Les récentes observations du vidéaste français Adam Bros à propos de Netflix nous ont inspiré cet éditorial, qui peut être lu en complément d’une première analyse portant notamment sur les algorithmes de recommandation. Pourquoi les films Netflix sont nuls ?, se demande le YouTubeur spécialisé dans la culture populaire. Ses éléments d’explication permettent d’appréhender la plateforme sous un angle édifiant.
Netflix est devenu le symbole du contenu-roi, sauf que la couronne semble faite de papier plutôt que d’or. Adam Bros décrit l’entreprise californienne comme une gigantesque machine lancée dans une quête effrénée pour gagner l’attention des spectateurs. En se connectant au service de streaming, ces derniers ne s’attendent pas à consommer de l’art cinématographique : les films Netflix sont souvent conçus, comme l’explique le vidéaste, pour produire une sorte de tapisserie visuelle et auditive, destinée à être davantage vue qu’appréciée, consommée plutôt qu’analysée. Le spectateur peut ainsi continuer à scroller sur son téléphone tout en suivant de loin le programme qu’il a choisi – ou plutôt : celui que l’algorithme lui aura recommandé.
Les productions Netflix semblent destinées à être oubliées à peine le générique de fin lancé. La plateforme est souvent critiquée pour sa stratégie consistant à produire du contenu plutôt que des œuvres cinématographiques de qualité.
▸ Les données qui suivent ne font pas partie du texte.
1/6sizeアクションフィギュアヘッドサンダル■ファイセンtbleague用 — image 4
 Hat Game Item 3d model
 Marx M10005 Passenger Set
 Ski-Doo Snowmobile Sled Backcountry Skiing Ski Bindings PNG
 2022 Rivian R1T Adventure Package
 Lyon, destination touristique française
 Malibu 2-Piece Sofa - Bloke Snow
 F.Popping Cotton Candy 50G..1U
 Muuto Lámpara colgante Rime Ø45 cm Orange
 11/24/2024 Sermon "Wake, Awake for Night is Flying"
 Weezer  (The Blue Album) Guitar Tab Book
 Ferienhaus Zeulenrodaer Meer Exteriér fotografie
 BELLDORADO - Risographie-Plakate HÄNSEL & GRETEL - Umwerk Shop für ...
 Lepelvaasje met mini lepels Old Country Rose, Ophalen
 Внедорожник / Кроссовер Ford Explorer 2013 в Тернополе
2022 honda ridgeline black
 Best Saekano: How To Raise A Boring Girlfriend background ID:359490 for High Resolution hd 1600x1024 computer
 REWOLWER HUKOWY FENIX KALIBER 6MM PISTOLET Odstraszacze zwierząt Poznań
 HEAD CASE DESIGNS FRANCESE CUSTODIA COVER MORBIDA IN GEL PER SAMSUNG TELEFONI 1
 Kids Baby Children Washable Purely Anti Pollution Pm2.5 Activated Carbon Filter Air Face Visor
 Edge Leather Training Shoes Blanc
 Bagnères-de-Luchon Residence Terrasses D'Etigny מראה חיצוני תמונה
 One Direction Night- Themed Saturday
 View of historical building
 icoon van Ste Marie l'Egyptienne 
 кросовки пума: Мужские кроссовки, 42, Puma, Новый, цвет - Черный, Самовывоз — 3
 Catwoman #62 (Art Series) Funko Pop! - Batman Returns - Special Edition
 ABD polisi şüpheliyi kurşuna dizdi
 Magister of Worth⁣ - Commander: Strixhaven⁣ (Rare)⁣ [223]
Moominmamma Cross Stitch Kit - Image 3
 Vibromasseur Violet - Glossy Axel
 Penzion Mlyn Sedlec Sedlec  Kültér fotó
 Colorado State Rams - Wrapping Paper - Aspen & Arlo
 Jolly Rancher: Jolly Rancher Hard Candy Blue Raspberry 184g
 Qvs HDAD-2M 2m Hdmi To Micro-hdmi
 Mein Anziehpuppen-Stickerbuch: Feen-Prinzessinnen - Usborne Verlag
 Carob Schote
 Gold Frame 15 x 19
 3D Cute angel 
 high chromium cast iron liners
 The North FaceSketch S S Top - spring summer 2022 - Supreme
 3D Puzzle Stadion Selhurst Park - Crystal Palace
Son approche orientée vers la quantité contribue à l’évidence à diluer la qualité globale de son catalogue de films. Et une chose, qu’Adam Bros épingle avec acuité, permet d’alimenter cette mécanique de la vacuité : la gratuité.
Une fois l’abonnement mensuel payé, Netflix n’exige plus rien du spectateur, et ce dernier lui rend bien en retour. Il peut regarder ce qu’il veut dans le confort de son domicile, sans surcoût, selon ses envies, en interrompant et en reprenant les programmes à sa guise. Cela a indubitablement abaissé la barre des exigences. Pourquoi se donner la peine de chercher le petit film d’auteur hongrois ou le drame intimiste japonais quand un océan de contenus divertissants, bien que moyens, voire médiocres, est à portée de clic, prêt à engloutir notre temps libre sans nécessiter le moindre effort intellectuel ? Ce qu’il faut bien comprendre, c’est que le spectateur de Netflix est moins un cinéphile qu’un consommateur passif. Il s’abreuve d’heures de films et de séries dans une relative indifférence. Adam Bros note que ses attentes sont en quelque sorte indexées aux conditions très accommodantes de visionnage.
Ainsi, l’absence de coût additionnel pour regarder un film spécifique sur Netflix, contrairement à l’achat d’un billet de cinéma ou d’un DVD, mais aussi le fait de rester chez soi au lieu de se déplacer dans une salle de projection, tendent à rendre l’expérience cinématographique moins précieuse, moins événementielle. Le film devient un produit de consommation rapide, à peine plus mémorable qu’une publicité regardée distraitement. La stratégie de Netflix, axée sur la quantité plutôt que sur la qualité, fait de chaque film, tout au plus, un ajout anodin dans un catalogue déjà pléthorique. Cela permet de maximiser les heures de visionnage, mais cela mine surtout l’essence même de ce qui fait le cinéma : un art capable de susciter émotions, réflexions et débats.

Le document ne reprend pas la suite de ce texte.